Let’s say a big brand or agency in the US or UK is launching campaigns across dozens of global markets. Exciting on paper. But in reality, what works in one place often falls flat in another, lost in translation or out of sync with local culture. That’s when the guessing game begins, tweaking and hoping something sticks.

When brands go global, context is everything. You can’t navigate unfamiliar markets blindly. We have teams in over 40 countries and see this reality play out on a daily basis. Success requires cultural intel to separate high reach from meaningful engagement.

Contextual targeting does exactly that: It uses AI to place ads in content and environments that naturally match a brand’s message rather than relying on ineffective keywords alone.

Nobody is waiting for your ad to appear

Imagine a reader in Jakarta immersed in a travel article. They’re in a fundamentally different cognitive state than a user passively scrolling a homepage. While both might register as “attentive” by standard metrics, only one is truly receptive.

Eskimi’s internal research shows that contextual placements deliver a 74% increase in attention per mille (APM) on average, compared to standard display ads.

This isn’t just a placement statistic; it’s the difference between interrupting someone and reaching them. Your audience in Indonesia noticed your car ad because it appeared at the right time and in the right context, when they were engaged and open to the message.

Brand-safety gaps are costing you trust

Many brands believe their whitelists protect them. They don’t. This is especially true for brands operating in multiple languages and across shifting cultural nuances.

Direct translation often misses tone, context or sensitive local issues. What reads as neutral in one market can carry negative or even offensive connotations in another, making standard whitelists unreliable at scale. Because display advertising runs at scale, impressions often end up in low-quality or negative-sentiment environments, and unintended mismatches occur.

Far too often, for example, baby product ads appear next to miscarriage articles, ads for investment services run next to bankruptcy news and fast-food ads are on diabetes-related pages.

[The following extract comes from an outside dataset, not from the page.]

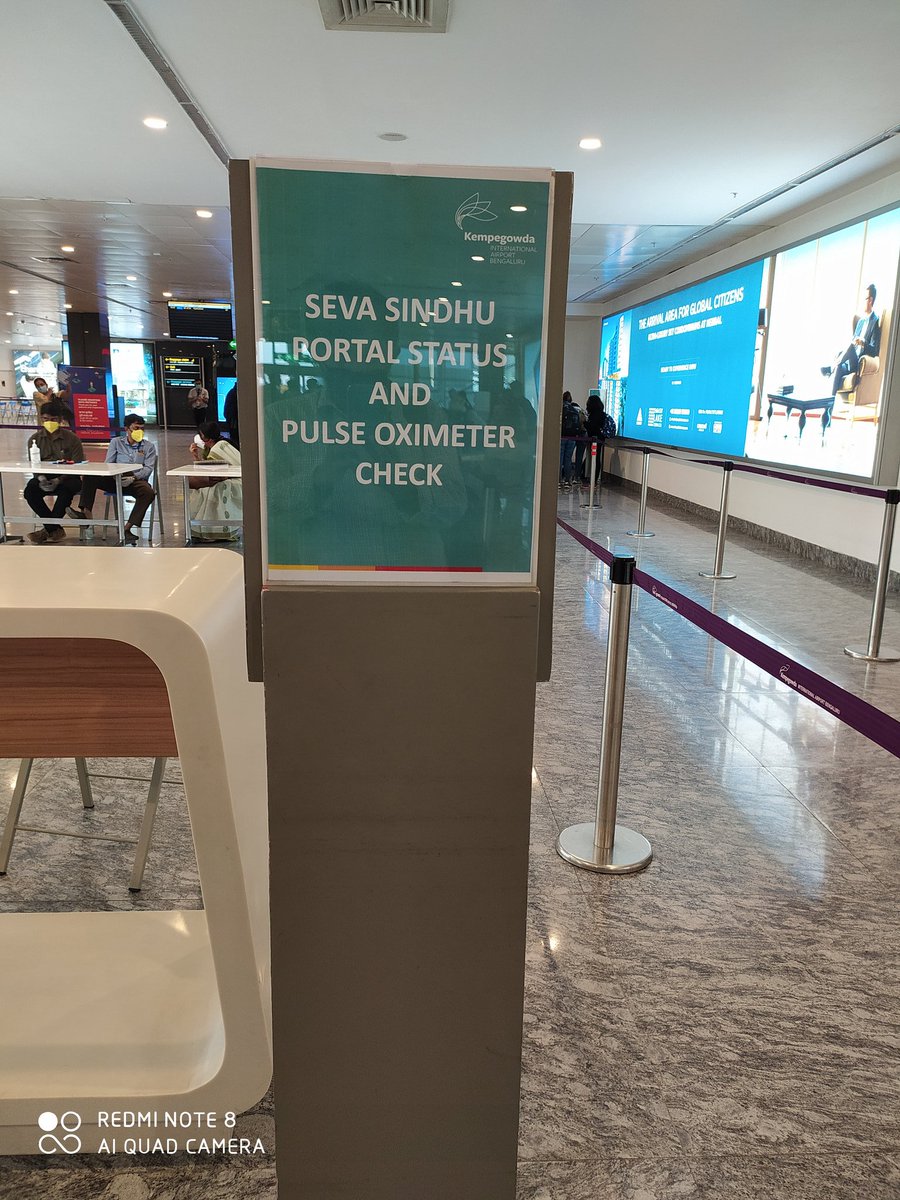 At  @BLRAirport airport health officials are using a pulse oximeter testThe purpose is to check how well heart is pumping oxygen . It is used to monitor the health of individualHope the officials are trained to identify genuine cases #aviation during  #COVID__19 – at  Kempegowda International Airport (BLR)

Some big brands, including Verizon and Walmart, have even had to deal with unfortunate situations where their ads appeared next to extremist content.

These impressions generate “attention,” but attention triggered by irrelevant or harmful content doesn’t just underperform; it actively damages brand image.

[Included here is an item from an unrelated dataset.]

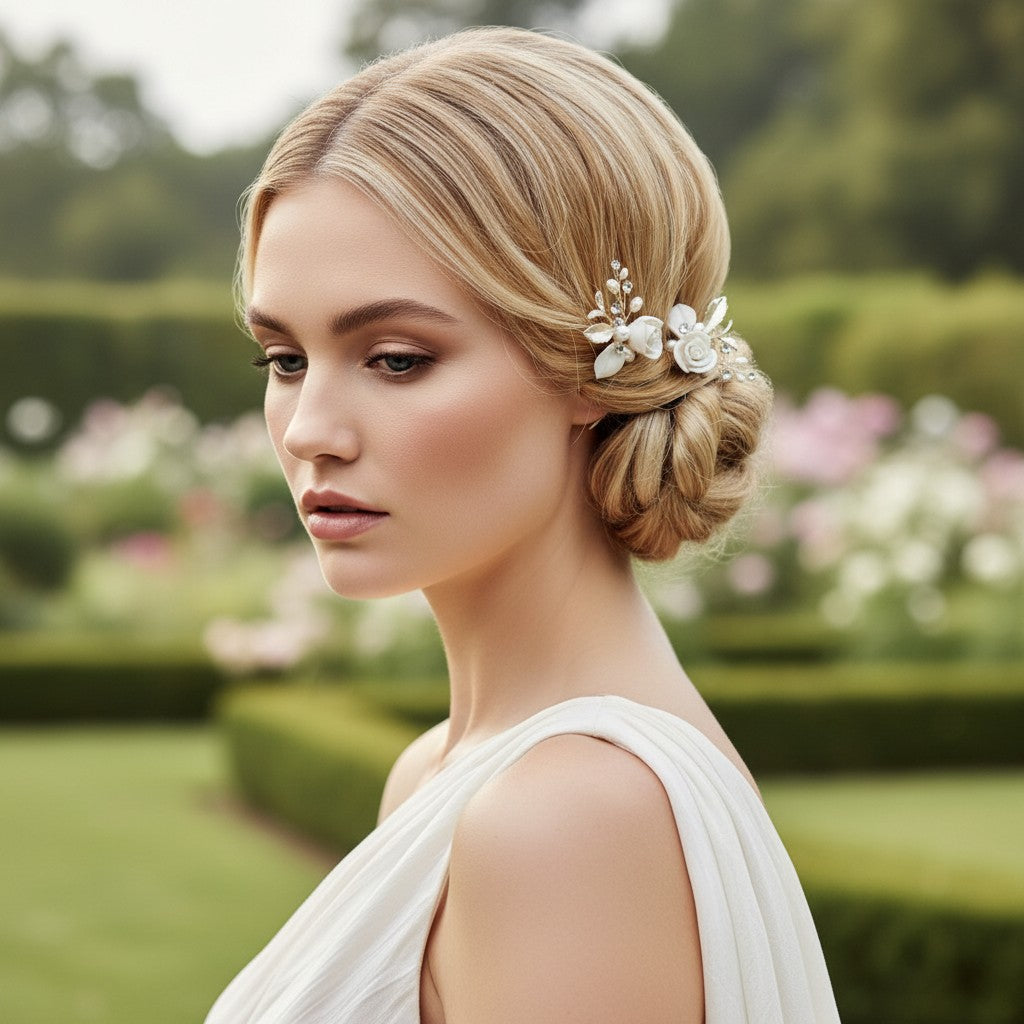 ATHENA COLLECTION - GLAM ROSE HAIR PINS - (PAIR) PIN64 GOLD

Our data shows that AI-powered contextual solutions help brands achieve at least a 95% brand-safety score, significantly outperforming standard targeting options, which hover around 80%. That 15% gap is the brand-damage zone.

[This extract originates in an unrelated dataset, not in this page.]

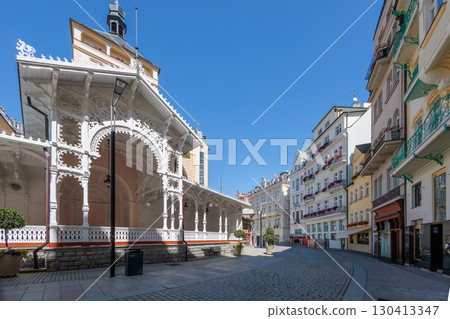 Summer walk through the spa center of the famous Karlovy Vary (Carlsbad) in the Czech Republic 130413347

In emerging markets, trust is the only currency that matters. Consumers are often more skeptical of global brands and more reliant on word of mouth and local perception, meaning a single misplaced or tone-deaf ad can have an outsized impact on credibility and long-term brand equity. Why gamble with it?

Taking back control from ad tech giants

For too long, scaling globally meant surrendering to the algorithms of ad tech giants. Brands in the US accepted programmatic accidents as the cost of doing business abroad.

AI-driven contextual targeting allows for more intentional brand placements. By prioritizing relevant and brand-safe environments, this approach focuses on audience engagement and attention quality rather than raw metrics.

The industry already accepts this logic in premium publisher deals and curated marketplaces. AI-powered contextual targeting simply extends that logic to the open web, offering a transparent, high-control alternative for brands ready to move beyond the status quo.

In a nutshell

When expanding your business outside of the world’s biggest Western markets, it’s not enough to ensure that your car ad got noticed; it needs to be noticed in the right context, and preferably not next to news about a car crash.

The next phase of attention measurement won’t be about how long someone looks; it will be about whether the moment made sense – and AI contextual targeting ensures it does.